You are viewing a plain text version of this content. The canonical link for it is here.

Posted to dev@httpd.apache.org by William A Rowe Jr <wr...@rowe-clan.net> on 2015/06/09 17:46:32 UTC

Re: svn commit: r1684457 - /httpd/httpd/branches/2.2.x/STATUS

I don't entirely understand the patch CHANGES, however...

On Tue, Jun 9, 2015 at 10:41 AM, <wr...@apache.org> wrote:

>  PATCHES ACCEPTED TO BACKPORT FROM TRUNK:
>    [ start all new proposals below, under PATCHES PROPOSED. ]
>
>     * mod_ssl: bring SNI behavior into better conformance with RFC 6066
>       (also addresses PR 56241)
>       trunk patch: https://svn.apache.org/r1585090
>                    (partial, w/o startup warnings changes)
>       2.4.x patch: https://svn.apache.org/r1588424
>                    (backported to 2.4.10)
>       2.2.x patch:
> http://people.apache.org/~ylavic/httpd-2.2.x-no_sni_warning.patch
> +     +1: ylavic, jorton, wrowe
>

The patch claims both adjusting alerts and changing startup behavior...
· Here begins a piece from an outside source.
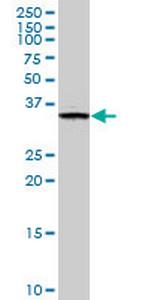 FN3K Monoclonal Antibody (4F2)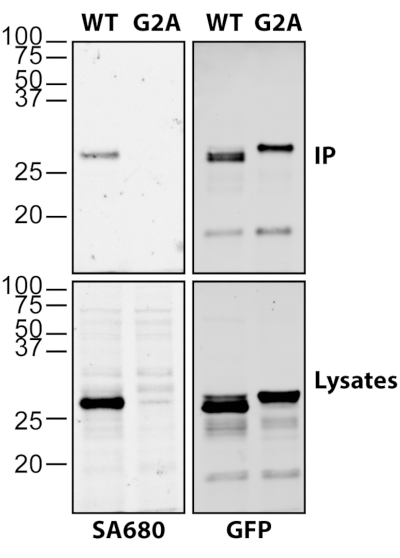 Protein analysis, Western blot, WT vs G2A, IP lysates comparison, band intensity evaluation.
--- CHANGES	(revision 1684331)
+++ CHANGES	(working copy)
@@ -1,6 +1,11 @@
                                                          -*- coding: utf-8 -*-
 Changes with Apache 2.2.30

+  *) mod_ssl: bring SNI behavior into better conformance with RFC 6066:
+     no longer send warning-level unrecognized_name(112) alerts,
+     and limit startup warnings to cases where an OpenSSL version
+     without TLS extension support is used. PR 56241. [Kaspar Brand]
+
   *) http: Make ap_die() robust against any HTTP error code and not modify
      response status (finally logged) when nothing is to be done.
[Yann Ylavic]


But the patch contains only the first change to code.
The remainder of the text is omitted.